- _Dataset section_:
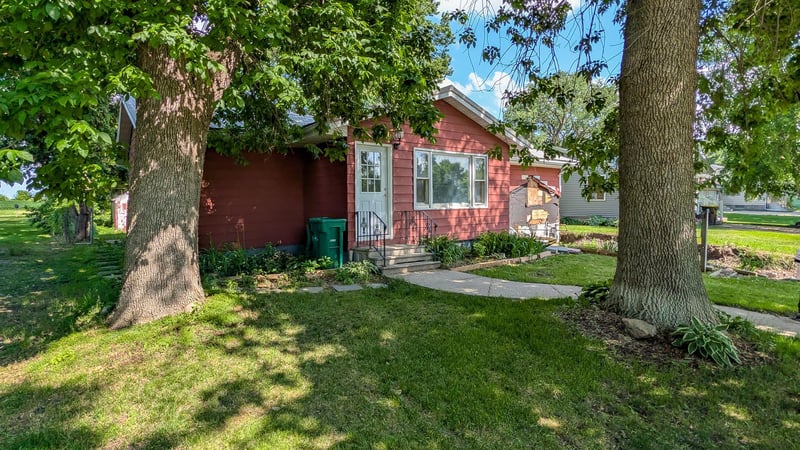 781 4th Ave SE, Wells, MN 56097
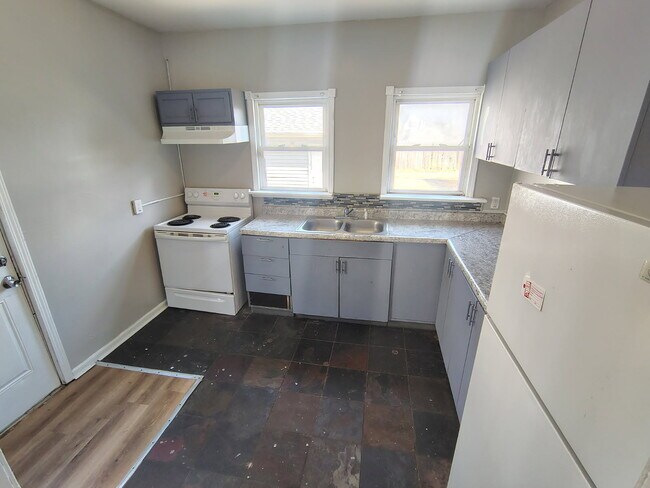 Building Photo - 515 Crawford St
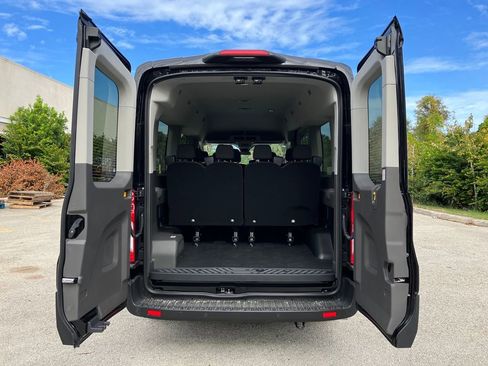 New 2026 Ford Transit 350 XL image 9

- _Problem_:
Everything in the listing above must be restated word for word, except the images.

- _Response to the task_:
 781 4th Ave SE, Wells, MN 56097
 Building Photo - 515 Crawford St
 New 2026 Ford Transit 350 XL image 9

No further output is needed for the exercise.